Desde que se conoció el ritmo de gastos que planea el Gobierno Nacional para 2009 se empezaron a escuchar voces de preocupación que dicen que los desembolsos crecerán más que la inflación y que la misma economía.
A medida que pasan los días y se escudriñan más las cuentas que el Ejecutivo tiene para el 2009, aumentan las preocupaciones y las dudas por las fuentes con las que se planea financiar esos gastos.
Según el proyecto de Presupuesto General de la Nación, que se empezará a discutir hoy en una sesión conjunta de las cuatro comisiones económicas del Congreso, más de la mitad (el 57,7 por ciento) se financiará con ingresos corrientes, lo que se traduce en impuestos.
El 37 por ciento, con recursos de capital, entre los que se cuentan deuda, excedentes de las entidades estatales, venta de activos, recuperación de cartera y "otros recursos de capital".
¿Y si no se da lo supuesto?
El otro 5,3 por ciento provendría de rentas parafiscales y de fondos especiales, incluido el descongelamiento de 1,2 billones de pesos del Fondo Nacional de Regalías, para lo cual se deberá contar con el visto bueno del Congreso de la República.
"Si en el peor escenario sucede que el dólar se cotiza a 1.700 pesos y el crecimiento es del 3 por ciento, ¿a qué puede acudir el Gobierno para mantener el presupuesto balanceado? Si esa venta de activos que se tiene planeada no se da, ¿a qué puede acudir?", se preguntó la semana pasada el senador uribista Habib Merheg. A esto el ministro de Hacienda, Óscar Iván Zuluaga, respondió que todo depende del comportamiento de los impuestos.
Lo que interesa es ver el crecimiento del Producto Interno Bruto (PIB) nominal y la elasticidad que tienen los recaudos frente a ese crecimiento. Si los recaudos mantienen la dinámica esperada, no habría dificultades. Las dificultades se advertirían si ya la recaudación crece en niveles muy inferiores a los proyectados y eso significaría tener que ajustar las cifras y los gastos para no desmejorar los balances en materia fiscal", dijo el funcionario.
Los analistas ya empezaron a advertir sobre la desbordada proyección del recaudo tributario y, especialmente, en lo que tiene que ver con el impuesto de renta. El estimativo del Ministerio de Hacienda es que el año entrante el recaudo tributario va a estar alrededor de los 75,02 billones de pesos, de los cuales 29,5 billones provendrán del impuesto de renta, recaudo que crece 18,9 por ciento en relación con este año.
"Dudo mucho de ese recaudo. El año entrante entran en vigencia los contratos de estabilidad jurídica que se firmarán este año. Además, están las zonas francas. Uno no pensaría que van suceder hechos extraordinarios que permitan ingresos mayores", señala el ex director de la Dian Horacio Ayala.
'Es una proyección ilusoria'
El ex ministro de Hacienda Juan Camilo Restrepo anota que el año entrante se reflejará la desaceleración que está viviendo este año la economía.
"El 18,9 por ciento proyectado para el crecimiento del impuesto a la renta me parece exagerado y casi ilusorio. No ha habido reforma tributaria, y las gabelas y privilegios que a manos llenas se han entregado a algunos sectores están erosionando la capacidad redistributiva y la elasticidad del impuesto a la renta.
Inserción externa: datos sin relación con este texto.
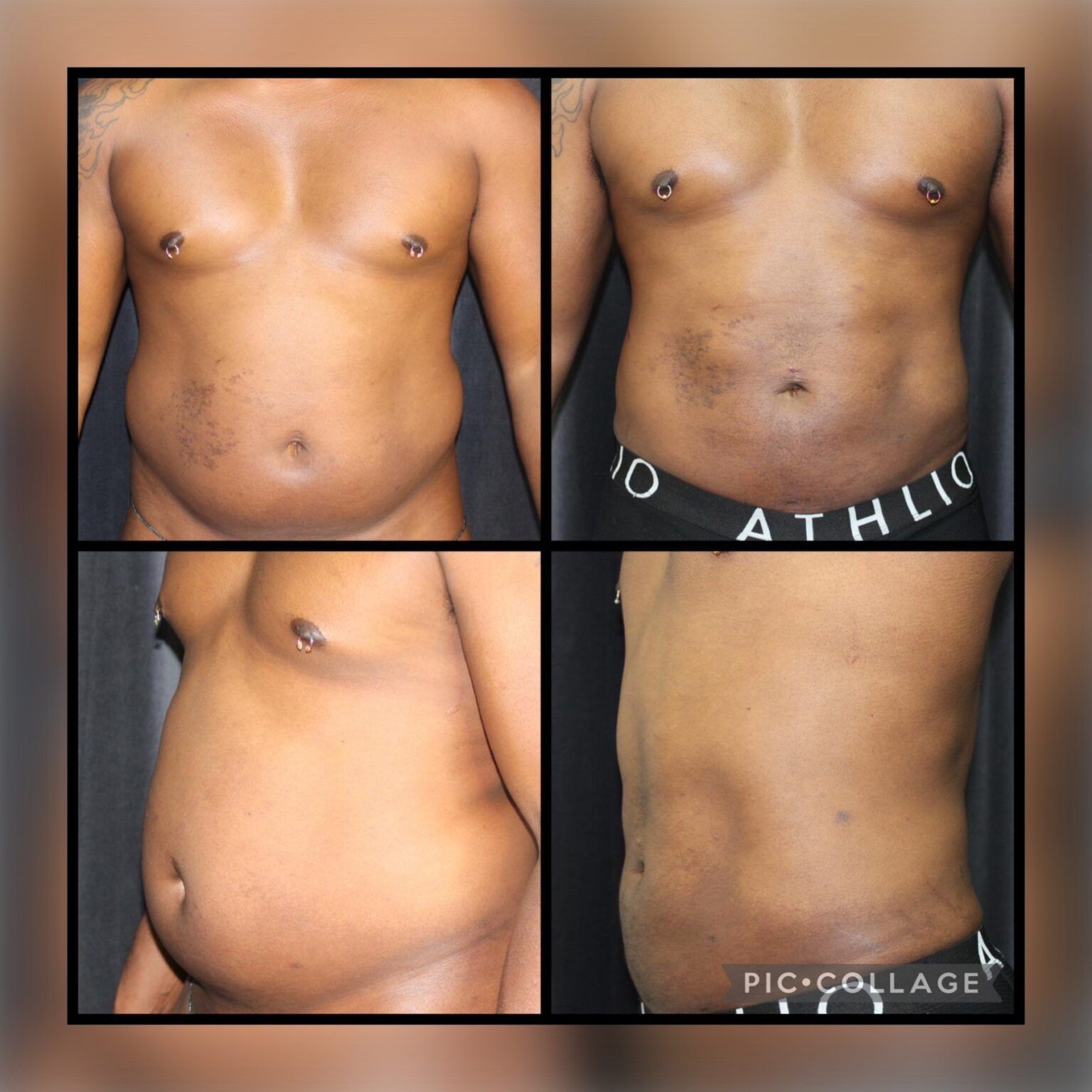 Smartlipo 14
El crecimiento del 2008 será inferior al del 2007 y esto afectará también el recaudo del imporrenta en el 2009", puntualiza Restrepo.
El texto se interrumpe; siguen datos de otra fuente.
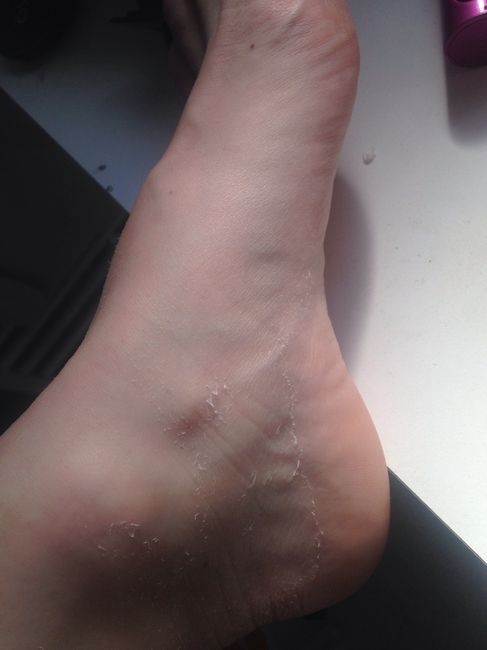 Peeling baby foot - 1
Eduardo Sarmiento, director del Centro de Estudios Económicos de la Escuela de Ingeniería, señala que hay unos ingresos por 3 billones de pesos con los que se cuenta por la venta de Isagén. "Si no se da eso, habría que recortar gastos, lo cual supone algo de artificialidad", afirma.
La directora de Presupuesto del Ministerio de Hacienda, Carolina Soto, responde que en el caso del impuesto de renta se esperan ingresos considerables de sectores como el petrolero y el minero.
Y añade que se espera un mejoramiento en los ingresos por el lado de las primas de colocaciones en el tema de la deuda, así como de los cruces de cuentas entre entidades. Y
concluye que, de todas maneras, el Gobierno tiene margen de maniobra.